Backoff Base Seconds

Initial backoff period, in seconds, for failed AWS requests.

Integer 1 to 15

Default value: 5

Max In-flight Messages

Maximum allowable in-flight messages (number of messages being processed) for any given SQS queue. If a queue reaches this threshold, messages are not processed until the in-flight number drops below the threshold.

Integer 1000 to 15000

Default value: 12000

Frequency To Check SQS State

Frequency in which to check the SQS state. This requires querying the SQS service.
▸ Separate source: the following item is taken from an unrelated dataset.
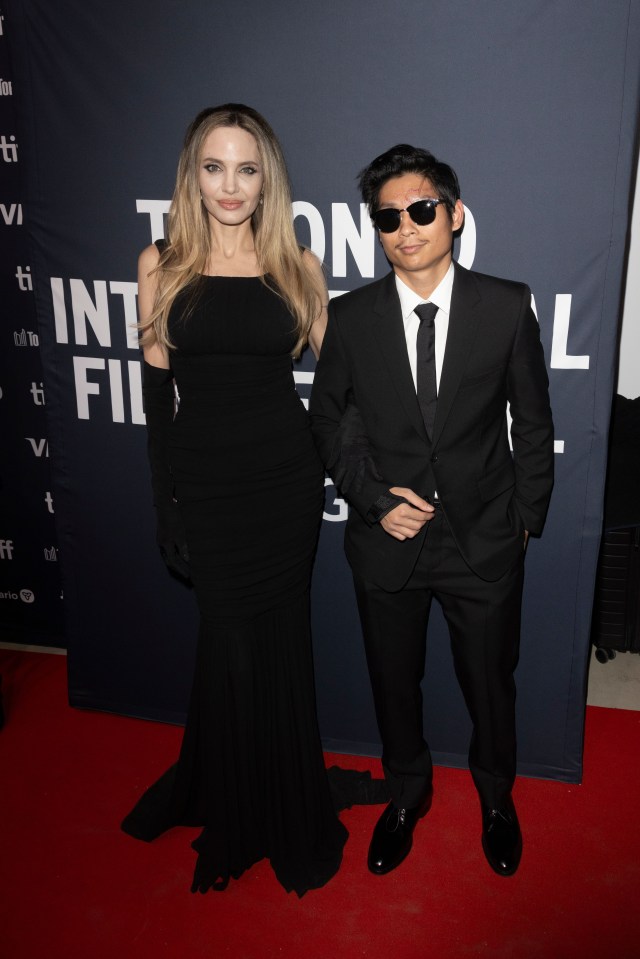 a woman in a black dress stands next to a man in a suit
The Frequency To Check Spawning Threshold parameter should be a multiple of this parameter.

Integer 1 to 45

Default value: 5

Threshold Before Spawning New Consumer Lambda

SQS queue size threshold before a new consumer is spawned automatically.

Integer

1000 to 15000

Default value: 3000

Frequency To Check Spawning Threshold

Frequency in which to check the threshold for spawning a new consumer lambda.

Integer

1 to 30

Default value: 5

Backoff Max Trys

Maximum number of attempts for failed AWS requests.

Integer 1 to 15

Default value: 5

Max Message Retry

Maximum number of attempts before a message logs as an error. Messages that are processed multiple times are considered errors.

Integer 1 to 15

Default value: 10

CSV Separator

Separator that encodes the client CSV and decodes the SQS message payload.

String ;
FIFO Limit Before New Queue

Threshold for when a new SQS queue is generated. The threshold is based on in-flight messages as SQS FIFO queues are limited to 20,000 in-flight messages.

Integer

1000 to 15000

Default value: 3000

Memory Trigger

Memory threshold, in percentage, for when to save to S3.

Integer

1 to 90

Default value: 75

Amoeba Memory Trigger

Memory threshold, in percentage, when the amoeba single file generator should save to S3.

Integer

1 to 70

Default value: 60

Max Lambda Execution Time

Maximum Lambda execution time. This is used as an internal timer to determine the processing windows for each step of the process: parsing SQS messages, saving to S3, and deleting messages.

Integer

1 to 275

Default value: 275

Aggregation Period

Target aggregation window size. This is the default aggregation window size. This feature can be overridden based on contextual information that the telemetry data provides.

Integer

1 to 275

Default value: 220

Save Longitude/Latitude

Saves longitude and latitude coordinates.

Note

Longitude/Latitude may be considered personally identifiable information in some countries. This setting will be supported in a future release. By default, this parameter is disabled.

Boolean TrueFalse

Default value: False

On the Settings page, you can do the following.


                        Choose Extra Settings under the
                                Settings page.

To enable extra actions

  1. Under Consume SQS Messages, click Consume. This command invokes the SQS message consumer, which aggregates and writes the metrics in each SQS message to S3.

  2. Under Amoeba Generator, click Unleash Amoeba. This command invokes the Amoeba generator, which crawls the S3 bucket to combine small files into larger ones. This helps Amazon Athena consume the data. Combined files have the _combined suffix.

  3. Under AWS Glue, click Crawl. This command invokes the GLUE Lambda crawler, which queries the database tables, attempts to recover corrupt partitions, and starts the AWS Glue crawler.